それに薄茶のコ-ディガンを羽織っていた。
Vの白のロンTから赤のシ-グラスのネックレスが見え隠れしていた。
「ミキに良く似合ってる」
「本当?良かった~。あっ、伊織さんも着替えないと…」
「ああ、俺も着替えて来る」
ミキが着替えるのを待って、ソファでテレビを見ていた。
寝室のクロ-ゼットを開け、少し迷ってから決めた服に着替えリビングに戻る。
「伊織さんも凄~く似合ってますよ」
「ありがとう」
俺の服はやはり紺のVのロンTにデニムスキニーパンツを合わせ、黒のテ-ラ-ジャケットを羽織ってる。
俺はわざとミキに合わせVのロングTシャツを着る事にした。
もちろん俺の首元にも、ミキからの青のシ-グラスネックレスが見え隠れしている。
さり気なくペアネックレスを見せる為にVのロングTにした。
そして手首には、ミキも俺も紐皮ブレスレッドを着けてある。
所々、よく見れば解るように、色違いのお揃いの物をわざと合わせた。
必ず龍臣がミキを気に入る事は、長い付き合いの俺には手に取るように解る。
ま、優希さんがいるから大丈夫だと思うが、念の為に牽制しておく事にした。
コイツは俺の者だと解るアピールだ。
我ながら子供っぽい事をしてると思うが、これも俺と龍臣の関係を拗らせ無い為だ。
昔のあいつを知ってるから尚更だ。
欲しい物は、何としてもどんな手を使っても手に入れる事を、イヤって程見てきたからな。
今のあいつは優希さんしか見てないのも解ってるが、ミキの魅力は老若男女問わない程破壊力があるからな
万が一を考えての対抗策だ。
そんな浅ましい考えをしてると思って無いミキは、俺の姿を見てさっきから「カッコイイ」「似合う~」「あ~、また皆んな伊織さんを見るんだろうなぁ~」と自分の事を棚に上げて、解って無いミキに苦労させられる
「ほら、余計な心配してないで。
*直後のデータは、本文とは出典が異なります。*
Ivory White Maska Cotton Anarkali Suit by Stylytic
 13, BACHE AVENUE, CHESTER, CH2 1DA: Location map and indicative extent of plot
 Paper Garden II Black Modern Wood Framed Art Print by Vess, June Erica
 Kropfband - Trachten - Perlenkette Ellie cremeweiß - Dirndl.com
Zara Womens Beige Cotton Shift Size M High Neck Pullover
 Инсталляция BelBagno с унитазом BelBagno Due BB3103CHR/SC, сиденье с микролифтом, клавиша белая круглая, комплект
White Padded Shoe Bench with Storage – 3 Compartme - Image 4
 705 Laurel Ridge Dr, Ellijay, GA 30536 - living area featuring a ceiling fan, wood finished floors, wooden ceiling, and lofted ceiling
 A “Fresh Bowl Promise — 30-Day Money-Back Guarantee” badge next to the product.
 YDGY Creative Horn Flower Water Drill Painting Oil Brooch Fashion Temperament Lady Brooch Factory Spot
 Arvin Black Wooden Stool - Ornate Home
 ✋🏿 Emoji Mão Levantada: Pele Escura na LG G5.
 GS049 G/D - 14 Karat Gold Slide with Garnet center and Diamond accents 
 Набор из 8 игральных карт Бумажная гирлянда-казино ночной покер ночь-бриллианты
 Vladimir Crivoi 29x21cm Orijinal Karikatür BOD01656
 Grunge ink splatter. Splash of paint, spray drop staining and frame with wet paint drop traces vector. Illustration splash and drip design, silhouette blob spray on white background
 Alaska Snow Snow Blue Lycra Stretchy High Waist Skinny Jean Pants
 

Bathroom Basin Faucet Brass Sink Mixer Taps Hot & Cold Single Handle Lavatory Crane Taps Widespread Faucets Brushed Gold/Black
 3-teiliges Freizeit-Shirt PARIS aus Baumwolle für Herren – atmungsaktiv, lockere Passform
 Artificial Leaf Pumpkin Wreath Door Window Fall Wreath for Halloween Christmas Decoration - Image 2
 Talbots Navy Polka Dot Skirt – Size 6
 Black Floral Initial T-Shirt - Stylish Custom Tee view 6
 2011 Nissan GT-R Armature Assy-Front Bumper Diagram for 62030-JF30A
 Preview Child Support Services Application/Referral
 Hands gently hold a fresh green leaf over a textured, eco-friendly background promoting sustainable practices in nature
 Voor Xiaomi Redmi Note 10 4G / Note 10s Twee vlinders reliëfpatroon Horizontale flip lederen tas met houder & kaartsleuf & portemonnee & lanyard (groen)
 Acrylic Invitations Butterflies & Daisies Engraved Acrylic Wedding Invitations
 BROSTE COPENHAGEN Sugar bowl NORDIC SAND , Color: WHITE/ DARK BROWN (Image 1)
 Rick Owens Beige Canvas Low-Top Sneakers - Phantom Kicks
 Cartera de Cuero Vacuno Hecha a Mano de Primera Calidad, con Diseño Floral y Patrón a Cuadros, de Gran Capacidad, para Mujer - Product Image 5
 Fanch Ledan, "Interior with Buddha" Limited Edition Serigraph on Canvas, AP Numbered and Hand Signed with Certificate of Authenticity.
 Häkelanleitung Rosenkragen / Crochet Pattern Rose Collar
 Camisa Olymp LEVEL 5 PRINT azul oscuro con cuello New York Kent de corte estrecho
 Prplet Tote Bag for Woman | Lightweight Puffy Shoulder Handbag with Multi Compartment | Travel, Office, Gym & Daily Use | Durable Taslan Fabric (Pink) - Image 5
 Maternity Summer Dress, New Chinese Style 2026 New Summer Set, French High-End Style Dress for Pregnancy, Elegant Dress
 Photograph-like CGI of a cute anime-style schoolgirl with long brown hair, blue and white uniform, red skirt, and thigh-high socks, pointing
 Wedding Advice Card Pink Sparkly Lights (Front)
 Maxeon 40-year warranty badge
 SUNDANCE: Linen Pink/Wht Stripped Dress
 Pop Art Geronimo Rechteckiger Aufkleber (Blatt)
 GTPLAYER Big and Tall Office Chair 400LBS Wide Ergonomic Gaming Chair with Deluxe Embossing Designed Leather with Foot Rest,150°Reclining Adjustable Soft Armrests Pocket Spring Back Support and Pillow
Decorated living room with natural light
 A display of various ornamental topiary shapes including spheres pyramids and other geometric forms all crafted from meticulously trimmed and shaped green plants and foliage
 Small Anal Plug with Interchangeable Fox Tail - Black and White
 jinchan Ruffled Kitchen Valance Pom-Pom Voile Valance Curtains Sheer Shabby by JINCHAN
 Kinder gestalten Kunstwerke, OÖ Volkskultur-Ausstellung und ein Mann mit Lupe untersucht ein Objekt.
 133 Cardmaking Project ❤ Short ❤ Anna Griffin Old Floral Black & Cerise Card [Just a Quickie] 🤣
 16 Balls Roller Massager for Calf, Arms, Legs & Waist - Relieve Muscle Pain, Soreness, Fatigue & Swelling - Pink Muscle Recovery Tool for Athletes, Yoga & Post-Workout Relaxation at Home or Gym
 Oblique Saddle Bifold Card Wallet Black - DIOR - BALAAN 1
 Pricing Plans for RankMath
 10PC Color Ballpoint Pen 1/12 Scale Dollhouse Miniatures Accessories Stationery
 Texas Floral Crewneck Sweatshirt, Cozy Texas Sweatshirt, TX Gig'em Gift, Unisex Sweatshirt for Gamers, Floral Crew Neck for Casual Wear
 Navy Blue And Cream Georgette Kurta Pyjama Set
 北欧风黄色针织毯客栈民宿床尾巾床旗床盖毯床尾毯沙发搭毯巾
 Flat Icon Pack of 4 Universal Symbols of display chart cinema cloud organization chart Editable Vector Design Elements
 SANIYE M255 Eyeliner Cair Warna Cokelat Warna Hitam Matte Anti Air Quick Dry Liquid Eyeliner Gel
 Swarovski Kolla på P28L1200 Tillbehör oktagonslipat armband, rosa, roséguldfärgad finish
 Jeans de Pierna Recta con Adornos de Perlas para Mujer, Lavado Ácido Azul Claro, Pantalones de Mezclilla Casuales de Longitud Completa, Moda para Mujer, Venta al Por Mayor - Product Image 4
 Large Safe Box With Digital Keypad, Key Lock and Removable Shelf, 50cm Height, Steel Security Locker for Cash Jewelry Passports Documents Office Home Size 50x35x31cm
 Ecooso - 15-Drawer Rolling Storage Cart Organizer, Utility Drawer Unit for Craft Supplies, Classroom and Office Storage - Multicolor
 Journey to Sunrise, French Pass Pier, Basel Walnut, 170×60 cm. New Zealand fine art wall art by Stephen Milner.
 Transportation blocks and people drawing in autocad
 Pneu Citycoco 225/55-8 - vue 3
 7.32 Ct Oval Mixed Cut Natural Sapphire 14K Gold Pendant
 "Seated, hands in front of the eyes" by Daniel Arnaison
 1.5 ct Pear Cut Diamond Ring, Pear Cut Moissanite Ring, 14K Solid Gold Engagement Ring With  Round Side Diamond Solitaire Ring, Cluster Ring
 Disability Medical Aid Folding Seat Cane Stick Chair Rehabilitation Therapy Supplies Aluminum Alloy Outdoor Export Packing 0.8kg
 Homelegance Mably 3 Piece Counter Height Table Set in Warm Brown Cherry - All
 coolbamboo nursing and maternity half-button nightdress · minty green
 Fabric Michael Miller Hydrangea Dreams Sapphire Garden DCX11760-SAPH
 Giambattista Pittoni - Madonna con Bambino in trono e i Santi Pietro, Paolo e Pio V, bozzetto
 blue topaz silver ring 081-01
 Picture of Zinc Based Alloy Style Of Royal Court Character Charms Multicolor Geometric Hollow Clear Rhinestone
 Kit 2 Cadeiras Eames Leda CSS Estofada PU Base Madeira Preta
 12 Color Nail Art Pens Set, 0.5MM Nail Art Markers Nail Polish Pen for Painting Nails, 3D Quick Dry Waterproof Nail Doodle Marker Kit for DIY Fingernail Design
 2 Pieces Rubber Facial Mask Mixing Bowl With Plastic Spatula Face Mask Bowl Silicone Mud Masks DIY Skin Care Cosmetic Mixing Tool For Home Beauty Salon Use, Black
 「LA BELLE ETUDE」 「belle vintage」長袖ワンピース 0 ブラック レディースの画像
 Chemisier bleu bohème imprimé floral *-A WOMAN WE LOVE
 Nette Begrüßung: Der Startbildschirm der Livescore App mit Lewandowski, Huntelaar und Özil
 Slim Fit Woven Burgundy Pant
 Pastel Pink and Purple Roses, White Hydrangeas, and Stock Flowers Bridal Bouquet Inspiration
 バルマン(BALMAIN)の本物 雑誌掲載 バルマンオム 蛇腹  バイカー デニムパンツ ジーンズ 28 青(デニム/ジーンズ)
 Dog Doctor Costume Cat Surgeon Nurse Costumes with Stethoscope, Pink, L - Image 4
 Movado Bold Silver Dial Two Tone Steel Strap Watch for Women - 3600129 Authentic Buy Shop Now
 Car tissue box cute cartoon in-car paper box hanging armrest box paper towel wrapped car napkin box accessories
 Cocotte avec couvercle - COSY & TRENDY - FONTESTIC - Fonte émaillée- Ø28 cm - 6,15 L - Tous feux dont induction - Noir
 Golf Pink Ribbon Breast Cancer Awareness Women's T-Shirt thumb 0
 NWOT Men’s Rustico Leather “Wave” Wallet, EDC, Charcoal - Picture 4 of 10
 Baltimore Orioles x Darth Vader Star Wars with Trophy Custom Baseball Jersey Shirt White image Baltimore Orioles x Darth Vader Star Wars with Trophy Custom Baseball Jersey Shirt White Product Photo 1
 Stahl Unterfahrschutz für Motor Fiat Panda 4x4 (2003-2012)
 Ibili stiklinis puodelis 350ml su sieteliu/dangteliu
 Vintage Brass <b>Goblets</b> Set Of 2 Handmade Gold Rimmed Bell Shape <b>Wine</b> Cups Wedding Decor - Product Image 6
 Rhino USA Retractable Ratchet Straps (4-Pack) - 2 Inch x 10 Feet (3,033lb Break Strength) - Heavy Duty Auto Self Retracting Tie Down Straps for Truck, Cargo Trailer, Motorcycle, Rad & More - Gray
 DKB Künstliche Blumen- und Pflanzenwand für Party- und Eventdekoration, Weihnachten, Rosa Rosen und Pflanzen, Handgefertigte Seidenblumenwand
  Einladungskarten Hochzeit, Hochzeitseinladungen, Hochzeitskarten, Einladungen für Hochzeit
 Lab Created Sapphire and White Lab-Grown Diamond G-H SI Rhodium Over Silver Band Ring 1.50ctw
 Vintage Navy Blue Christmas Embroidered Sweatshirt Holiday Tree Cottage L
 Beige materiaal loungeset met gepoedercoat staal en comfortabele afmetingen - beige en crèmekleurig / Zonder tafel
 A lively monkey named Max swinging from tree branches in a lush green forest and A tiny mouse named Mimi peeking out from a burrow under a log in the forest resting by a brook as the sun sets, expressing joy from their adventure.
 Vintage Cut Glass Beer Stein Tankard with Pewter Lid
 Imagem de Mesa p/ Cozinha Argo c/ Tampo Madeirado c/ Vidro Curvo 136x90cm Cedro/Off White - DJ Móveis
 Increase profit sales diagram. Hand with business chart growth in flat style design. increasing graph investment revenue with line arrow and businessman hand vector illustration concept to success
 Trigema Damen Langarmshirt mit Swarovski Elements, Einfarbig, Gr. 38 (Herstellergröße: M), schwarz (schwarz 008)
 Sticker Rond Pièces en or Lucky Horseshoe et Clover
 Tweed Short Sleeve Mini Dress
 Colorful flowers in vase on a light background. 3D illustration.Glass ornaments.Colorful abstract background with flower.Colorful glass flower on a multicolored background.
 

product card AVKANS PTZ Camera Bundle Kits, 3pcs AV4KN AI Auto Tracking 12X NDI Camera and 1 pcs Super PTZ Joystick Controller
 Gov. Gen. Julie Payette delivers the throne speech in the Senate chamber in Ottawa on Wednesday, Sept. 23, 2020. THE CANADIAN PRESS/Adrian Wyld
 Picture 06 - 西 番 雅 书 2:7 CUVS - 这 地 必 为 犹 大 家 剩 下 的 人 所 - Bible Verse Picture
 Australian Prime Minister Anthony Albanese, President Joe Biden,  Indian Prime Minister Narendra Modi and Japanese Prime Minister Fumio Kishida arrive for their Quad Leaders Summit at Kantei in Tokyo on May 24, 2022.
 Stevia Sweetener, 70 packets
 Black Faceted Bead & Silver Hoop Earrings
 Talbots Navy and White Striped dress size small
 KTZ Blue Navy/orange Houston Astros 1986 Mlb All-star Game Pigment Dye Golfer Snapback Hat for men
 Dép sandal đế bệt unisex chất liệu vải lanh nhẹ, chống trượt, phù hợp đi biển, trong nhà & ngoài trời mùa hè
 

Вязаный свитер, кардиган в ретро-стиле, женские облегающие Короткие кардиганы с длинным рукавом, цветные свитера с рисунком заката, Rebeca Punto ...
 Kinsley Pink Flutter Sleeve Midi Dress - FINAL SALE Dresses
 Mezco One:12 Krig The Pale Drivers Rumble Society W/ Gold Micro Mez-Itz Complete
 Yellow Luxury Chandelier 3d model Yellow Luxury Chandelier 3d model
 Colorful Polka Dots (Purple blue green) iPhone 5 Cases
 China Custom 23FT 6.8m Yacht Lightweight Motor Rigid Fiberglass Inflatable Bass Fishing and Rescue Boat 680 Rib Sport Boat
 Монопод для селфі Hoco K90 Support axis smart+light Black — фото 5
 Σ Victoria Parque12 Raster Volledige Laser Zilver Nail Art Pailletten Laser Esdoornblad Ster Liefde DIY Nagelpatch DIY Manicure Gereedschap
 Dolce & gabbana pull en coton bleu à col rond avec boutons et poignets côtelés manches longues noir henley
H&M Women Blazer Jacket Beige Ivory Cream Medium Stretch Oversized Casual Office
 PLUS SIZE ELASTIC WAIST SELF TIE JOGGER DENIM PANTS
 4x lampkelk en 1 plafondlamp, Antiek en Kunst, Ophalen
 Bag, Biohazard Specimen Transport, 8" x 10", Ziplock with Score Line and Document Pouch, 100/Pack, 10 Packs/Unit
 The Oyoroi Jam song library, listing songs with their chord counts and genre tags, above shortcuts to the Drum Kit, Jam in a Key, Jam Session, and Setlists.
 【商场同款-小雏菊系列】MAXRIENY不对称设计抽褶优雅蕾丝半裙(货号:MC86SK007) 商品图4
そろそろ出掛けよう電車で行くんだろう?帰りはタクシーな」
「段々と俺の考えてる事が解ってきてますね。帰りは飲んでるしタクシーで帰りましょう」
頭をぽんぽんし
「それだけミキと長い時間一緒に居るって事と、俺が常にミキの事を考えてるって事だな」
「お互いの事解り合えるって、嬉しいですね」
「そうだな。そろそろ本当に出掛けよう。主役が遅れたら洒落になんねぇからな」
そんな遣り取りをして、おやじの店に向かった。
電車の中でもミキを見て、ヒソヒソ話す女子高生やOLそして男か確認するようにジッと見つめる男達と周りは騒がしいが、当の本人は周りの事など気付かないから不思議だ。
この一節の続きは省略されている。